# Task statement:
Below is some data. Retype exactly the lines starting at the one with "White Used 2021" and ending at the one with "retro patriots jacket".

# Dataset records:
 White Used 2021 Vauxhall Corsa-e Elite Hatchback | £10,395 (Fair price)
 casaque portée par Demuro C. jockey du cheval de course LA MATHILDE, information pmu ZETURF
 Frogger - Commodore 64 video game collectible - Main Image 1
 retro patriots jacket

--

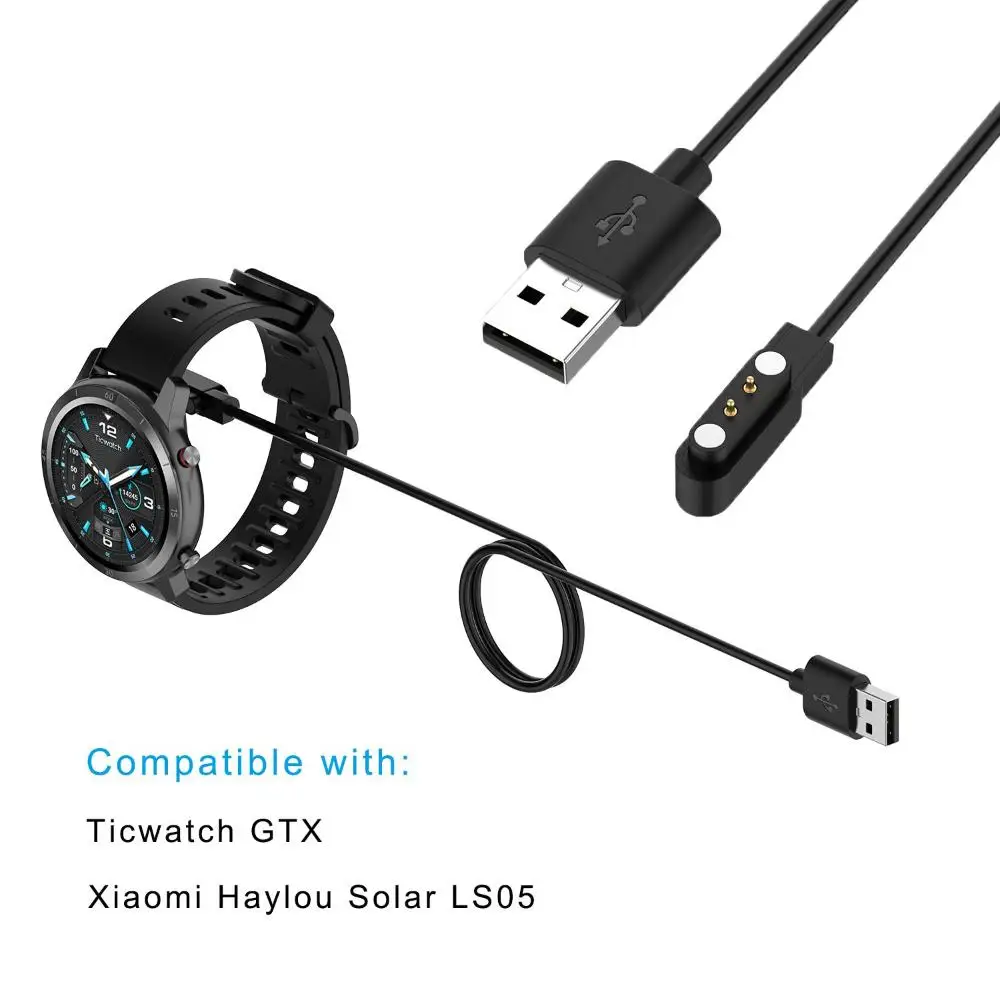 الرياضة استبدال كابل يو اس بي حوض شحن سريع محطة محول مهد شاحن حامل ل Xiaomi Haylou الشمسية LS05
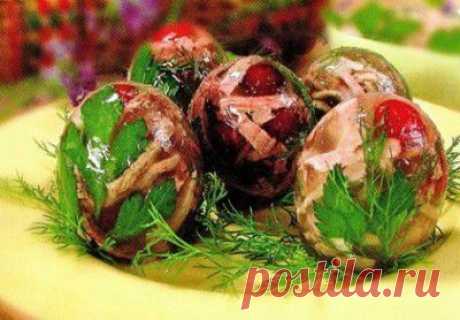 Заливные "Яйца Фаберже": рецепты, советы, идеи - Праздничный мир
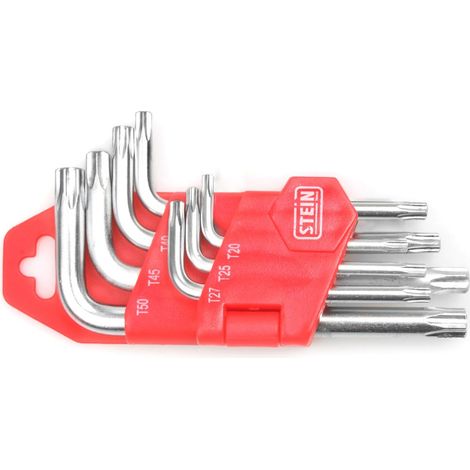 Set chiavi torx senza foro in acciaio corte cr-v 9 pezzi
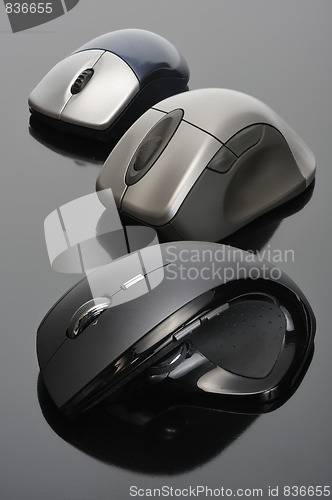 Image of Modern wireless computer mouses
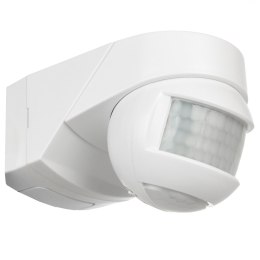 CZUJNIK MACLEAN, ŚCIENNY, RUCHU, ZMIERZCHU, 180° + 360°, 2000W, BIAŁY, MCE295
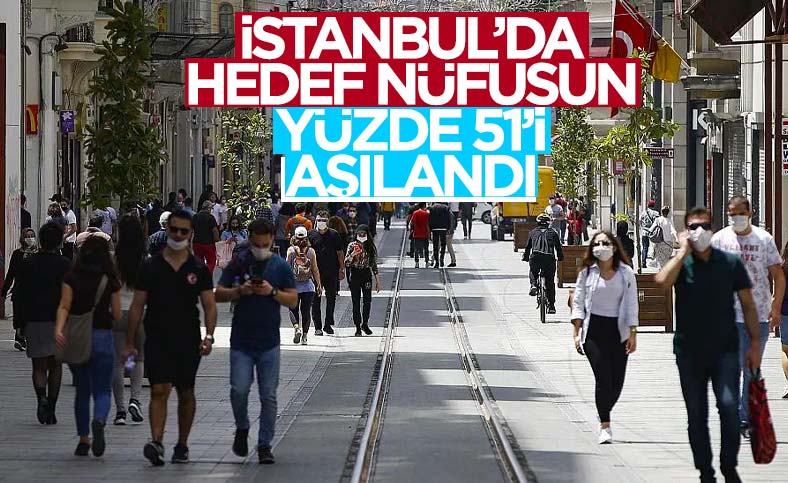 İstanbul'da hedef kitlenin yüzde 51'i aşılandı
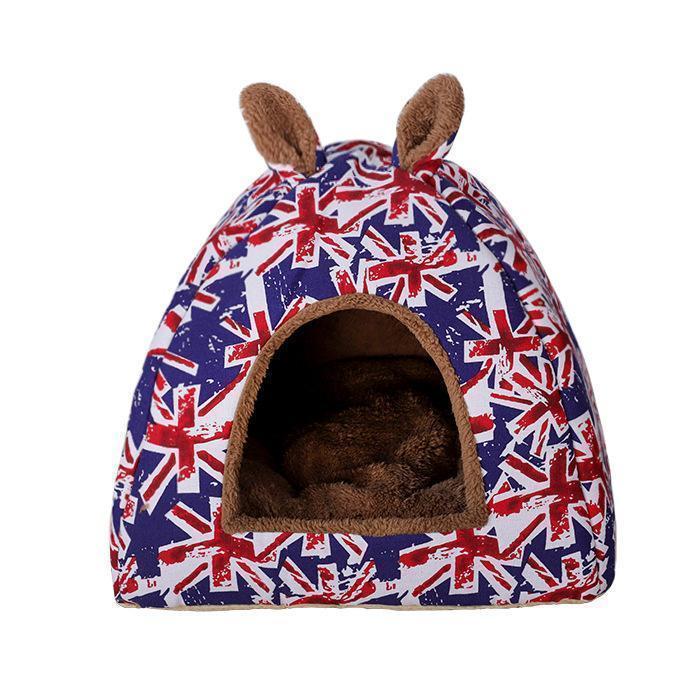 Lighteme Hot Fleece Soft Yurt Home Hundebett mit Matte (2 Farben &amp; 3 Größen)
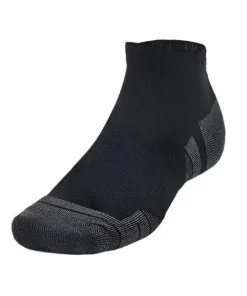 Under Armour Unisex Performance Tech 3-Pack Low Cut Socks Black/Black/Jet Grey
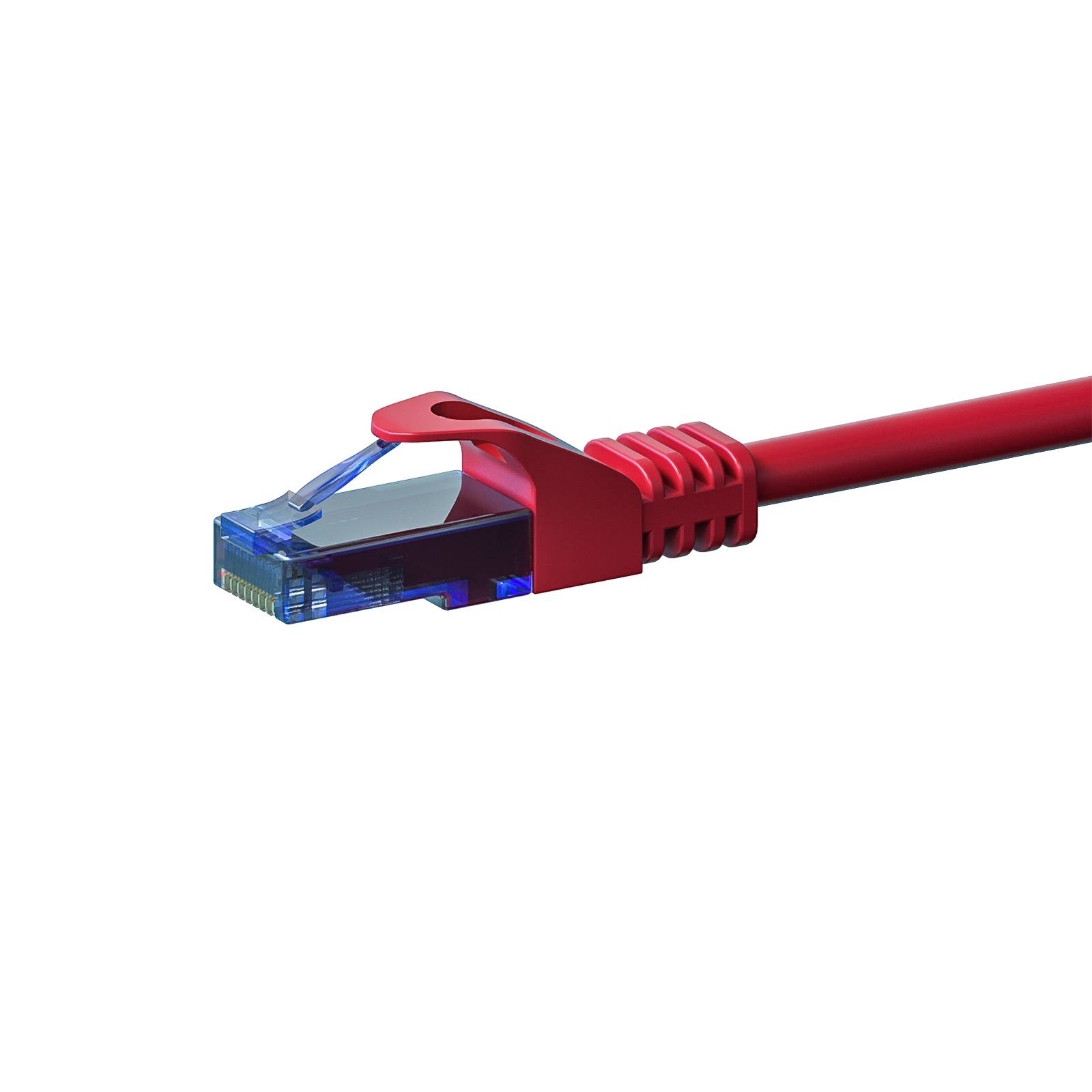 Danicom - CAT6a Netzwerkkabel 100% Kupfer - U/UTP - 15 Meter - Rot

...

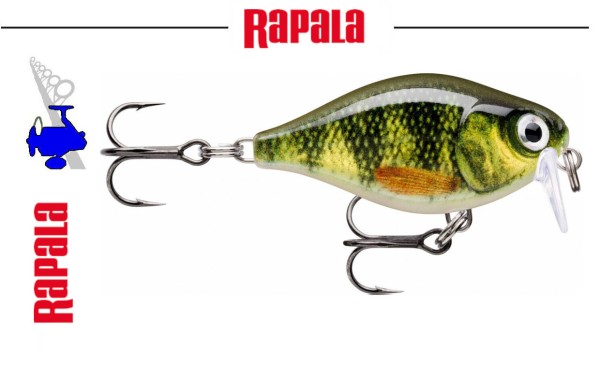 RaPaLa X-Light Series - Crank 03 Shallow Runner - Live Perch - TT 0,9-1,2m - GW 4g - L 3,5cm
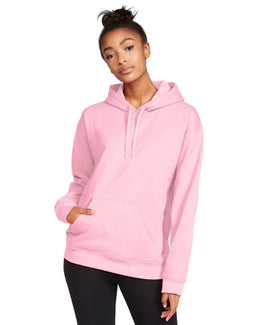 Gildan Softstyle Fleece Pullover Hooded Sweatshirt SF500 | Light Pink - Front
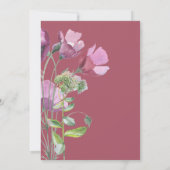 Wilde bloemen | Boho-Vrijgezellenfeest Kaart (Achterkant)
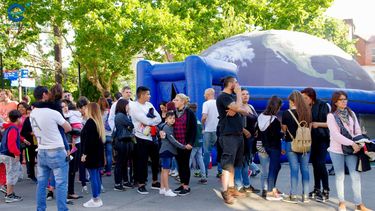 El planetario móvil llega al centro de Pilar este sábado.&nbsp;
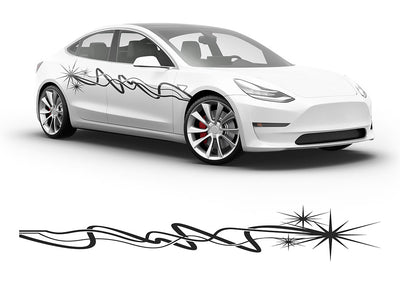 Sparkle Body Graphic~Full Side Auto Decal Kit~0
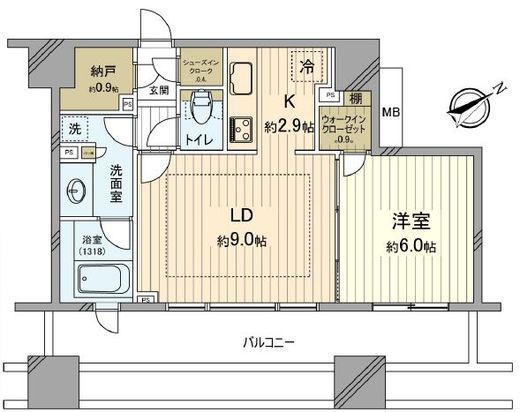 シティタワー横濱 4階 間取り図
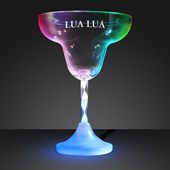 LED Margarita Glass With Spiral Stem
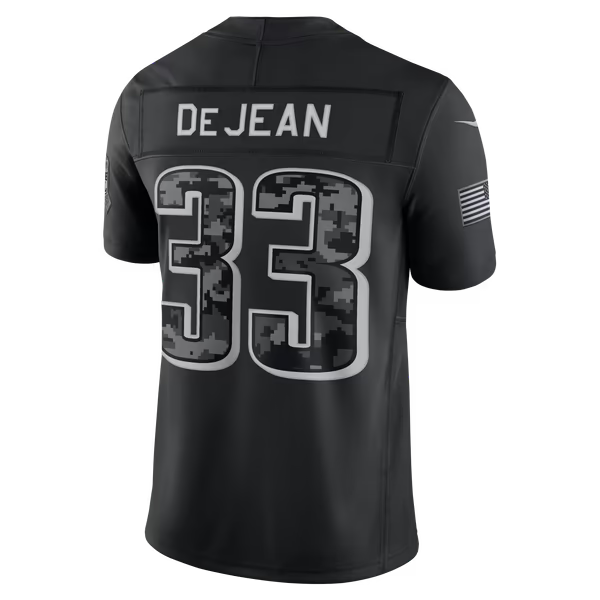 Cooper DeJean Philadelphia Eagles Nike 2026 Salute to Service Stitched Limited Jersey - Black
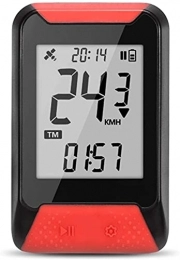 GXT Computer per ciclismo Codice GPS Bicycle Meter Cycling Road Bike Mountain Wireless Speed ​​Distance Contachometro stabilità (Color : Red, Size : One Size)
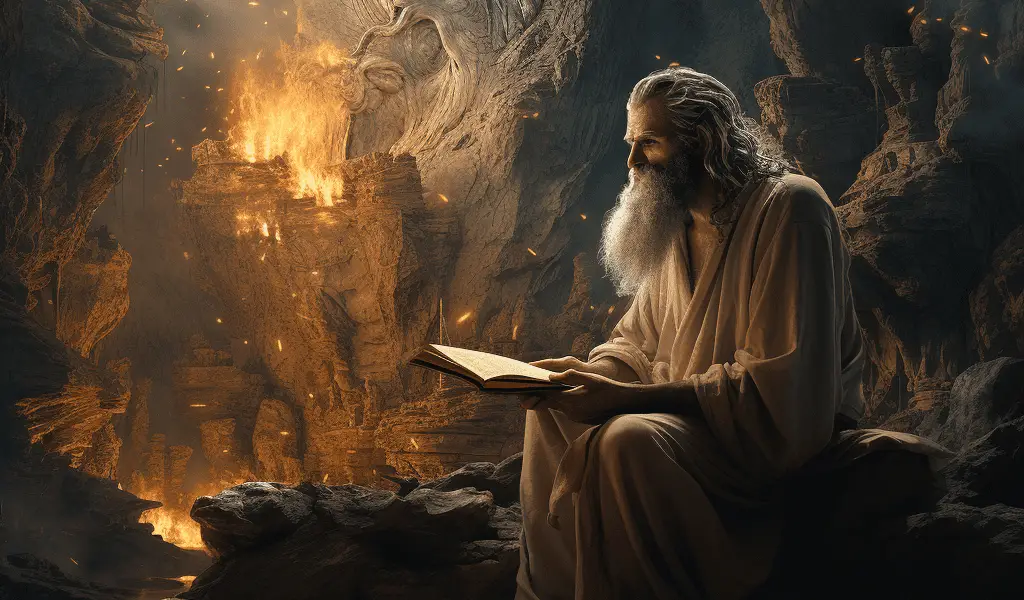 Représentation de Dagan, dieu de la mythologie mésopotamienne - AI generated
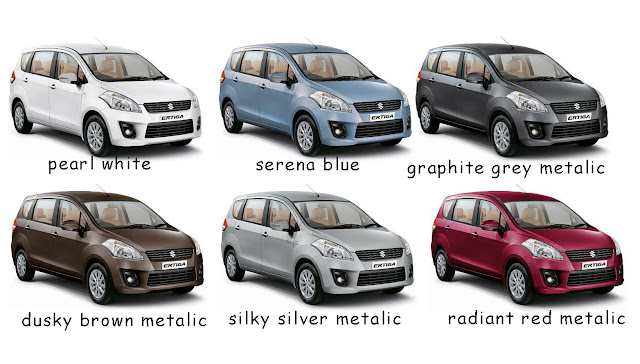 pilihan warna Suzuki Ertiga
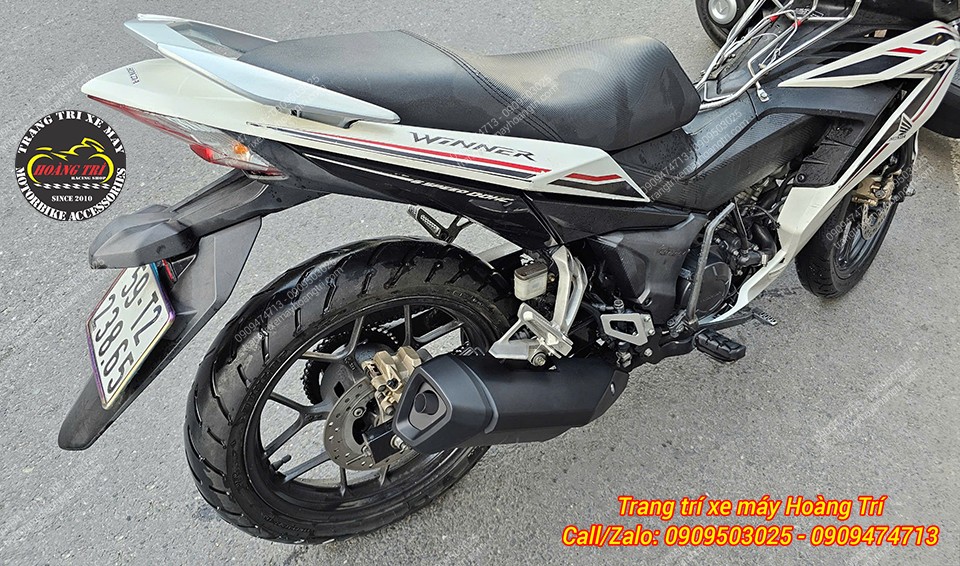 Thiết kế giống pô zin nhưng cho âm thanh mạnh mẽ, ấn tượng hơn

# Exercise result:
 White Used 2021 Vauxhall Corsa-e Elite Hatchback | £10,395 (Fair price)
 casaque portée par Demuro C. jockey du cheval de course LA MATHILDE, information pmu ZETURF
 Frogger - Commodore 64 video game collectible - Main Image 1
 retro patriots jacket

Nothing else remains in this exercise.